###pdf documents into data###
files<-list.files(pattern="pdf$", full.name=TRUE)
###split data and match the text###
filestextdataframe<-data.frame(Document=files,text = sapply(files, function(x) paste0(pdf_text(x), collapse = " ")))
###select only sentences including privacy"
corpus_privacy_sentences <- corpus(filestextdataframe$text)

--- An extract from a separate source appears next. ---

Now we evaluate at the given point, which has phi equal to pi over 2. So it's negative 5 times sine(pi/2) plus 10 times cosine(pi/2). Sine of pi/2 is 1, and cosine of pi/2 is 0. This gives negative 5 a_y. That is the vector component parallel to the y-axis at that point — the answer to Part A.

tok_privacy_sentences <- tokens_select(tokens(corpus_privacy_sentences, what = "sentence"), pattern = "privacy", valuetype = "regex", selection = "keep")
###finished data,frame###
Table<-data.frame(Company= str_extract(filestextdataframe$Document, "3M|Abbott|AbbVie|Accenture|Adobe|ADP|AdvancedMicroDevices|alphabet|Altria|amazon|AmericanExpress|Amgen|Anthem|apple|AppliedMaterials|AT&T|BerkshireHathaway|BlackRock|Boeing|Booking|Bristol-MyersSquibb|Broadcom|Caterpillar|CharlesSchwab|Charter|Chevron|Cigna|Cisco|Citi|CocaCola|Comcast|Costco|CrownCastle|CVSHealth|Danaher|Deere|DukeEnergy|EliLilly|Exxon|facebook|Fidelity|GeneralElectric|GileadSciences|HomeDepot|Honeywell|Intel|Intuit|IntuitiveSurgical|Johnson&Johnson|JP|Lam|Linde|LockheedMartin|Lowe's|Mastercard|McDonalds|Medtronic|Merck|MicronTechnology|Mondelez|MorganStanley|Netflix|Nexteraenergy|Nike|NVIDIA|OracleCorporation|P&G|PayPal|PepsiCo|Pfizer|PhilipMoris|Prologis|Qualcomm|Raytheon|S&P|Salesforce|Servicenow|Starbucks|Stryker|T-Mobile|Target|Tesla|TexasInstruments|Thermo_Fisher_Scientific|TJX|UnionPacificCoporation|UnitedHealthGroup|UPS|Verizon|Visa|Walmart|WaltDisney|WellsFargo"),
Report=str_extract(filestextdataframe$Document, "annual|transcript|quarterly"),
Quartal=str_extract(filestextdataframe$Document, "annual|q1|q2|q3|q4"),
Date=str_extract(filestextdataframe$Document, "2015|2016|2017|2018|2019|2020|2021"),
Text=sapply(files, function(x) paste0(pdf_text(x), collapse = " ")),
privacy=sapply(tok_privacy_sentences, function(x) paste(as.character(x), collapse = " ")),
sector= ) ###new coloumn with matching sectors
####sector table###
sector_data<-list(
industrials=c("3M","Boeing","Caterpillar","Deere","GeneralElectric","Honeywell","LockheedMartin","Raytheon","UnionPacificCoporation","UPS"),
health_care=c("Abbott","AbbVie","Amgen","Anthem","Bristol","Cigna","CVSHealth","Danaher","EliLilly","GileadSciences","IntuitiveSurgical","Johnson&Johnson","MedTronic","Merck","Pfizer","Stryker","Thermo_Fischer_Scientific","UnitedHealthGroup"),
cummunication_services=c("Alphabet","AT&T","Charter","Comcast","Facebook","Netflix","T-Mobile","Verizon","WaltDisney"),
information_technology=c("Accenture","Adobe","Adobe","AdvancedMicroDevices","Apple","AppliedMaterials","Broadcom","Cisco","Fidelity","Intel","Intuit","Lam","Mastercard","MicronTechnology","NVIDIA","OracleCorporation","PayPal","Qualcomm","Salesforce","Servicenow","TexasInstruments","Visa"),
consumer_discretionary=c("Amazon","Booking","HomeDepot","Lowes","McDonalds","Nike","Starbucks","Target","Tesla","TJX"),
utilities=c("DukeEnergy","Nexteraenergy"),
financials=c("AmericanExpress","BerkshireHathaway","BlackRock","CharlesSchwab","Citi","JP","MorganStanley","S&P","WellsFargo"),
materials=c("Linde"),
real_estate=c("CrownCastle","Prologis"),
consumer_staples=c("Altria","CocaCola","Costco","Mondelez","P&G","PepsiCo","PhilipMoris","Walmart"),
energy=c("Chevron","Exxon"))
thats the code I got so far, sorry it´s a bit messy, don´t know how to post it properly tbh.